In her reply to Roelofs, Nozari (2020) provides a further review of monitoring accounts and then re-examines Roelofs’s arguments in defense of a comprehension-based account. In particular, she first sketches an important property of comprehension-based monitors such as Levelt’s (1989) perceptual-loop theory: that comprehension monitoring is an attentional function, and hence deliberate, flexible, and conscious. According to Nozari, the model in Roelofs (2020a) however abandons this basic property of comprehension monitoring and can therefore be likened more to what Nozari refers to as a production-perception (or forward modeling) account. However, in Nozari’s view, Roelofs’s model lacks a number of relevant properties of production-perception accounts: in particular, such an account requires separate representations in production and perception (as is arguably the case for low level sound and syllable representations) and a process of “coordinate transform” between such representations (Guenther, 1994; Hickok, 2012). Nozari also takes issue with the notion of condition-action rules in Roelofs’s model and their motivation from the notion that monitoring is a goal of speaking. She then re-examines the evidence against comprehension monitoring that Roelofs discussed and argues that Roelofs’s dismissal of these arguments may be premature: for instance, dismissal of the “cross-talk” example seem to require that condition-action rules are invoked.
In the final contribution, Roelofs (2020b) responds to Nozari’s criticism. He argues that conscious and deliberate processing is a property of some comprehension-based models but is not a necessary feature. He also clarifies that the overall goal of speaking is of course communication, but that in his view condition-action rules are a mechanism by which the speaker can ensure that communication stays on track. He cites evidence from cognitive science and neuroscience to argue further for condition-action rules. He then turns to the arguments against comprehension monitoring again and argues that his dismissal of these arguments still holds. He concludes that comprehension-based monitoring remains a viable account of self-monitoring in speaking.
It is clear from this exchange of ideas that there is little consensus in the field yet about the most fruitful road towards a detailed understanding of verbal self-monitoring.
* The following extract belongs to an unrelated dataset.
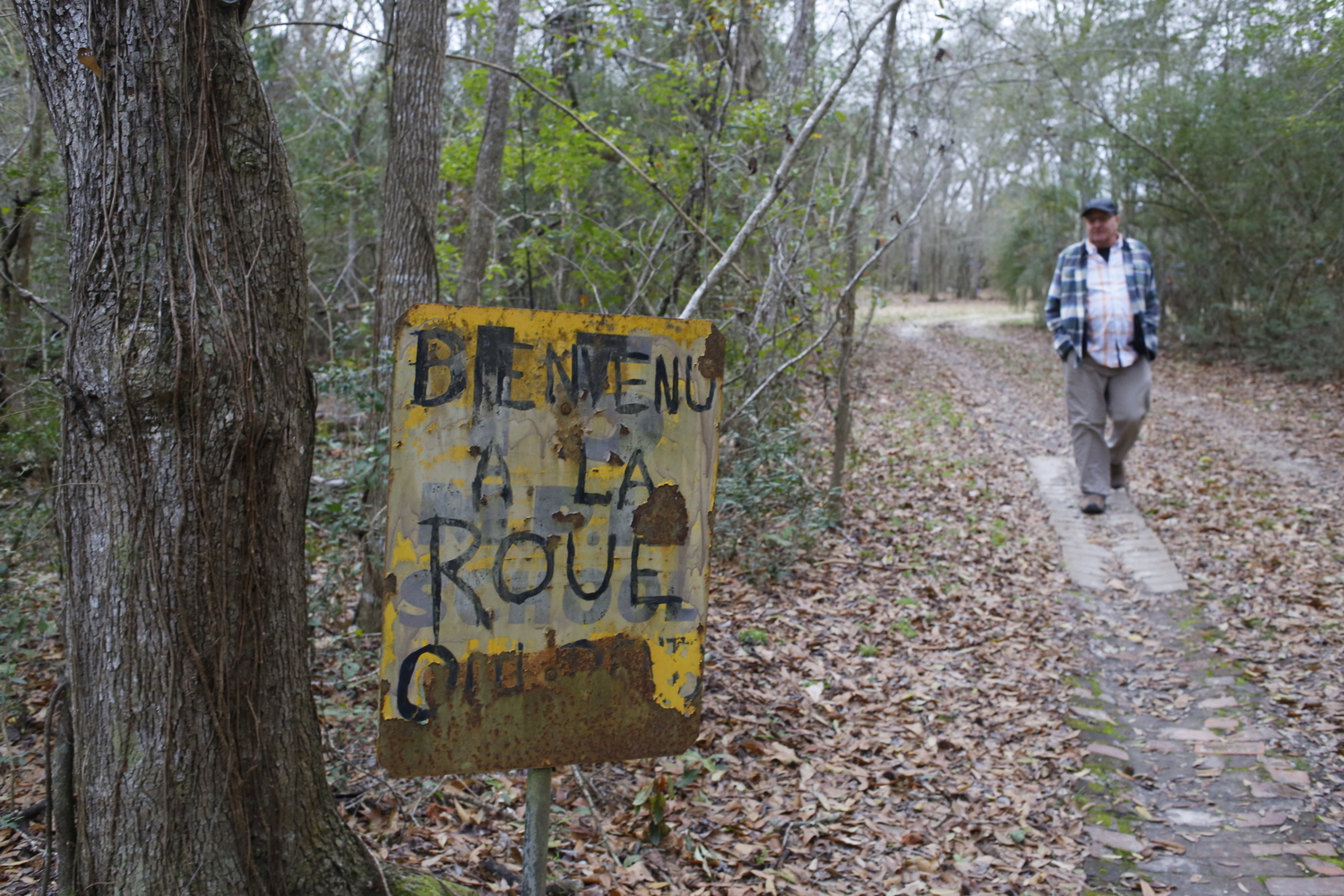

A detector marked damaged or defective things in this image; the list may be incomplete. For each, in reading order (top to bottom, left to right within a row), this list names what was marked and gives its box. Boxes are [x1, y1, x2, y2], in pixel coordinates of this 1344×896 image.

rust stain on sign [379, 305, 720, 773]
rusty metal sign [376, 305, 726, 773]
Some of these differences seem to go back to different views of how to best model the language production system (e.g., is it a good idea to build condition-action rules into the system?) Perhaps an even more fundamental issue concerns the requirements one would have of a theory. Roelofs (2020a; b) appears to champion a single-mechanism account that relies on comprehension only, for both internal and external monitoring. Nozari (2020) rather appears to promote a multi-mechanism account, according to which the mechanism that detects errors depends on the level of speech that is being monitored. Detecting a deviation in pitch might best be explained with a forward model account, while a more viable explanation for lexical error detection could be conflict monitoring. One way of putting this is that the authors are taking different positions in the trade-off between parsimony and scope. Relatedly, regardless of whether conscious or deliberate processes are (Nozari) or are not (Roelofs) necessarily part of comprehension-based monitoring, the question remains to what extent such processes play a role in monitoring (also see Postma, 2000).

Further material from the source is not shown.